When Bapak set up the Subud Bank, so many countries still imposed exchange controls. These days the movement of financial capital across frontiers is much easier. However, banking regulations everywhere have become more rigorous and rightly so. Occasionally initiatives emerge to find a path back to a Subud World Bank. In 1971 there was a specific and pressing need for such a bank. The construction of the S Widjojo Center would have been so much harder to accomplish had the bank not been set up. Bapak’s vision was, of course, much broader than that. However, the regulatory environment and the small capital that could be mustered at that time placed some very real constraints on the scope of its activities. Things have not gotten any easier in that respect.
Given that the worldwide membership of Subud is probably no more than 15,000, of which relatively few are business minded and that the only real shared experience is the latihan kejiwaan, two threshold questions that SESI will probably have to address are:
- what is it that Subud business-minded members actually wish to do together at this point in time?
- does that require a Subud Bank?
What sort of bank is needed? Should one begin with development banking? Or micro credits? Is community banking the preferred direction in developed economies? Is virtual unlicensed banking a step too far? Clearly different countries and communities have their own needs.
Is there sufficient unity of purpose within Subud to justify setting up one “world” bank?
Two types of Subud member of whom I am particularly wary are those who are prone to “bashing” the establishment and amateurs who come up with half-thought-through ideas and then expect professionals to do the heavy lifting.
I have been privileged and fortunate over many years, as must others in Subud, in having met so many people from different walks of life – businessmen, politicians, religious leaders, academics, artists and musicians, diplomats, bureaucrats, technocrats, environmentalists – who, with only very rare exceptions, have an as caring, socially conscious and intelligent an approach to their work as anyone I have ever listened to in Subud in these fields.
For example, I was astonished to discover, when I met him, that the immediate past world chairman of one of the largest global banks was concurrently an ordained priest and had written a book “Serving God, Serving Mammon”.

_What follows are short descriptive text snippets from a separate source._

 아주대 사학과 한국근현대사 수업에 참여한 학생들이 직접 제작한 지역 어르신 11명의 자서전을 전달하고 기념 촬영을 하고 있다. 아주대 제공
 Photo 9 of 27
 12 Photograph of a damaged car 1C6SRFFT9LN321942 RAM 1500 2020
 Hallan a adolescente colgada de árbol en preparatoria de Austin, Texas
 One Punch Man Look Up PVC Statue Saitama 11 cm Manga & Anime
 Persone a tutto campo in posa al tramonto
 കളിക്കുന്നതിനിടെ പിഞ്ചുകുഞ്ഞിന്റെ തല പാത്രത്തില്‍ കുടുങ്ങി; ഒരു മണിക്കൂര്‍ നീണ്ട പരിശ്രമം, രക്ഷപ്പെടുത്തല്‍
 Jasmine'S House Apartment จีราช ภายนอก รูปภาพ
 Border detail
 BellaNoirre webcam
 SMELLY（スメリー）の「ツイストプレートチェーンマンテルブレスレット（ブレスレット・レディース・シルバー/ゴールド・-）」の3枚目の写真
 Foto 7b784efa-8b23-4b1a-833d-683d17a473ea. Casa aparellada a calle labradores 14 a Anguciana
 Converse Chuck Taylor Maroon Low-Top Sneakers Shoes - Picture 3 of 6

If Subud is to make a positive influence, we will have to learn to work with not against the establishment and vested interests, whatever their shortcomings may be. Too often one senses that the problem is not “with them” but more likely “with us”. What is it that we in Subud can offer that isn’t already available in the marketplace?
There are some outstanding experts in Subud. For various reasons most of them will not come forward unless encouraged and approached personally.
Part of the motivation will have to come from the World Subud Association. Its Executive needs to provide a better example on governance and needs to improve the manner in which Subud’s international affairs are currently being run. Helpers can play an important leadership role.
More needs to be done to motivate talented members to come forward and to register themselves with SESI.
LvH Pamulang, Indonesia, 27 September 2011
FEEDBACK TO LEONARD’S PREVIOUS ARTICLE…
” I was delighted to read your article dated 5th September 2011 in Subud Voice. I very much agree with your second to last paragraph. This is certainly my view.”
” I also agree with you with regard to small inexperienced investors – and would add that having investments of this kind is a nightmare to manage, and if priced realistically, is exceedingly expensive. ”
” Incidentally, when the bank was established, Bapak said that the senior persons involved – directors and so on – should receive a lower than average remuneration, while the lowest paid workers should receive more than the average.”
“Thank you for your article. I read it on the SESI website. It is good to have a clear-eyed, well-informed ‘watcher’ like you around.”